> **ACTIVITY**: Leave the pictures out and print every record below exactly as it stands.
==*==
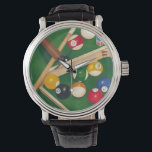 Relógio Mesa de Billiards da vida com bolas e giz<br><div class="desc">Arrume-os com esta pintura espetacular de uma mesa de bilhar por Jennifer Goldberger. As bolas parecem novas,  o feltro parece imaculado,  e o giz já foi aplicado aos paus de sinalização. Segure isso em sua casa,  ou entregue a um amigo ou amado que goste de um jogo de piscina!</div>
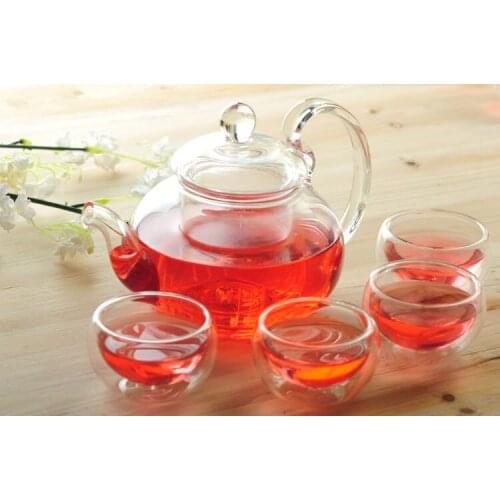 Beautiful 600ml Glass teapot with infuser/filter+ 4/6 Cup,tea set for brew white/flower/matcha/red/black/green/Chinese/puer tea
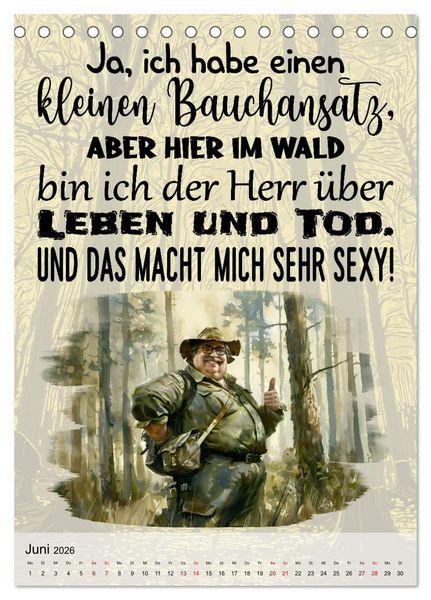 Produktbild: J&auml;gerspr&uuml;che (Tischkalender 2026 DIN A5 hoch), CALVENDO Monatskalender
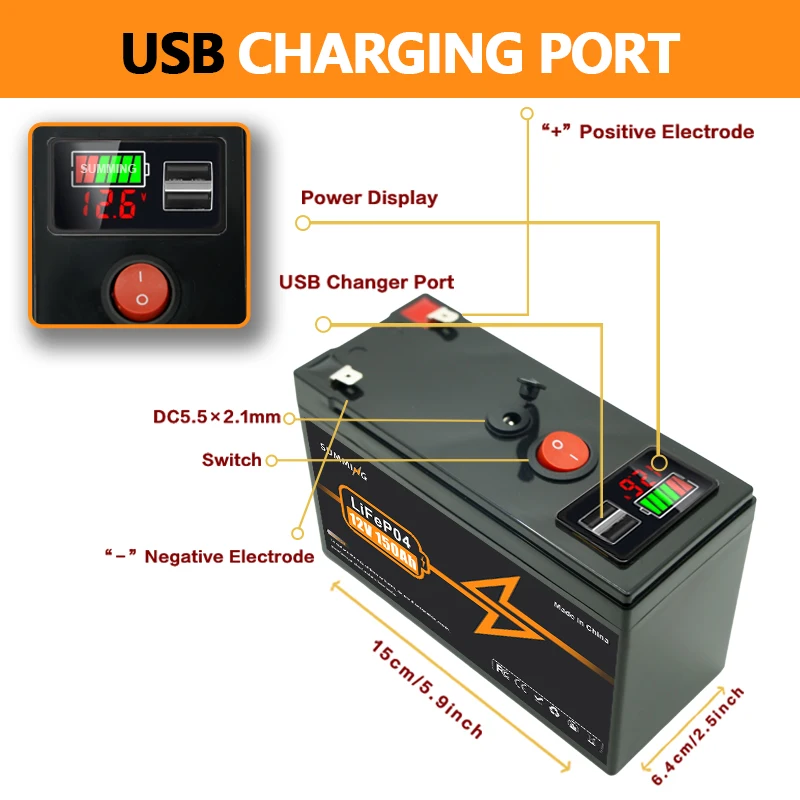 12V LiFePO4 Lithium Battery 4000+ Deep Cycles 18650 150Ah Built-in BMS,for Solar Panel,UPS,Kayak Fish Finder, Power Wheels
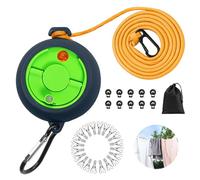 Vlecexs Corde a Linge Retractable 10m, Fil a Linge Extérieur Retractable, Portable Corde à Linge Voyage avec 10 Boucles Fixes et 20 Pinces Coupe-Vent pour Camping, Salle de Bain, Jardin, Hôtel, Bleu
==*==
> **SOLUTION FOR THIS TASK**:
 Relógio Mesa de Billiards da vida com bolas e giz<br><div class="desc">Arrume-os com esta pintura espetacular de uma mesa de bilhar por Jennifer Goldberger. As bolas parecem novas,  o feltro parece imaculado,  e o giz já foi aplicado aos paus de sinalização. Segure isso em sua casa,  ou entregue a um amigo ou amado que goste de um jogo de piscina!</div>
 Beautiful 600ml Glass teapot with infuser/filter+ 4/6 Cup,tea set for brew white/flower/matcha/red/black/green/Chinese/puer tea
 Produktbild: J&auml;gerspr&uuml;che (Tischkalender 2026 DIN A5 hoch), CALVENDO Monatskalender
 12V LiFePO4 Lithium Battery 4000+ Deep Cycles 18650 150Ah Built-in BMS,for Solar Panel,UPS,Kayak Fish Finder, Power Wheels
 Vlecexs Corde a Linge Retractable 10m, Fil a Linge Extérieur Retractable, Portable Corde à Linge Voyage avec 10 Boucles Fixes et 20 Pinces Coupe-Vent pour Camping, Salle de Bain, Jardin, Hôtel, Bleu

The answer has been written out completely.